● **Task brief**
Below is a listing. Set down exactly the lines from the one containing "Çatı Katı Süiti (Penthouse)" through the one containing "Vanessa Mooney Dominga", both ends included, and leave out the rest.

----

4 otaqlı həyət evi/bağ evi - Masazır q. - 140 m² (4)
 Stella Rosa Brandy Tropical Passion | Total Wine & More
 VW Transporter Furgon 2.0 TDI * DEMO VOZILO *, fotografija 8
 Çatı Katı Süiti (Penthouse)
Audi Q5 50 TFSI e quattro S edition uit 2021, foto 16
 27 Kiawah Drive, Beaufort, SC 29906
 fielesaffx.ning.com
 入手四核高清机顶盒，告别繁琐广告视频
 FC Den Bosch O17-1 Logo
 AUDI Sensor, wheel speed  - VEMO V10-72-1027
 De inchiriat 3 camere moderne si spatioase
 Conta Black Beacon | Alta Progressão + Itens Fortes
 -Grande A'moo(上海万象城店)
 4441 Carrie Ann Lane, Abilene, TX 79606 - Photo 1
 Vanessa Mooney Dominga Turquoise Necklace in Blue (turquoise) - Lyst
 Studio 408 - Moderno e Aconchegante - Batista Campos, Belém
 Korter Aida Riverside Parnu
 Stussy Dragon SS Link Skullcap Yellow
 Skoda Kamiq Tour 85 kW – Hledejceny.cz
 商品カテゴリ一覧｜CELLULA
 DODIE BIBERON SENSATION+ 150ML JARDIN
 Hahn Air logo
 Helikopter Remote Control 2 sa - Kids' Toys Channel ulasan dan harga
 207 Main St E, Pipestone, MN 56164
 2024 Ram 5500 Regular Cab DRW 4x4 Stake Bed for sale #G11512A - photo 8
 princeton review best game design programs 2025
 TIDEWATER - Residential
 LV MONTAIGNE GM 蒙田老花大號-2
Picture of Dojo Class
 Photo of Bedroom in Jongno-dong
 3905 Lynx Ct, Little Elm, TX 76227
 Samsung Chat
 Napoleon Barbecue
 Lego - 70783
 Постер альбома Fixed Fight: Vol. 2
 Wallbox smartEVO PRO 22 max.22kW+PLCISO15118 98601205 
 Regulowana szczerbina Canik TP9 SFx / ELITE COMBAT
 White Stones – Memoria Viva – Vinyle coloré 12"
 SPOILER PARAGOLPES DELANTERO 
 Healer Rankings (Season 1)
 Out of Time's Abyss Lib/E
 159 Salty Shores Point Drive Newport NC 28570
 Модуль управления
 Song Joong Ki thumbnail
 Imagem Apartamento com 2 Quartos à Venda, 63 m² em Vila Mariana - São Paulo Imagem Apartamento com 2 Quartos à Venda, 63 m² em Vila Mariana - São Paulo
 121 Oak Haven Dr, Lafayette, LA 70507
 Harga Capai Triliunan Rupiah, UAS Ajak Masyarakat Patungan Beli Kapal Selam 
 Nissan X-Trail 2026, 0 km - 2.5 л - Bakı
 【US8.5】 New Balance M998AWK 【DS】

----

● **Completed exercise**
 Çatı Katı Süiti (Penthouse)
Audi Q5 50 TFSI e quattro S edition uit 2021, foto 16
 27 Kiawah Drive, Beaufort, SC 29906
 fielesaffx.ning.com
 入手四核高清机顶盒，告别繁琐广告视频
 FC Den Bosch O17-1 Logo
 AUDI Sensor, wheel speed  - VEMO V10-72-1027
 De inchiriat 3 camere moderne si spatioase
 Conta Black Beacon | Alta Progressão + Itens Fortes
 -Grande A'moo(上海万象城店)
 4441 Carrie Ann Lane, Abilene, TX 79606 - Photo 1
 Vanessa Mooney Dominga Turquoise Necklace in Blue (turquoise) - Lyst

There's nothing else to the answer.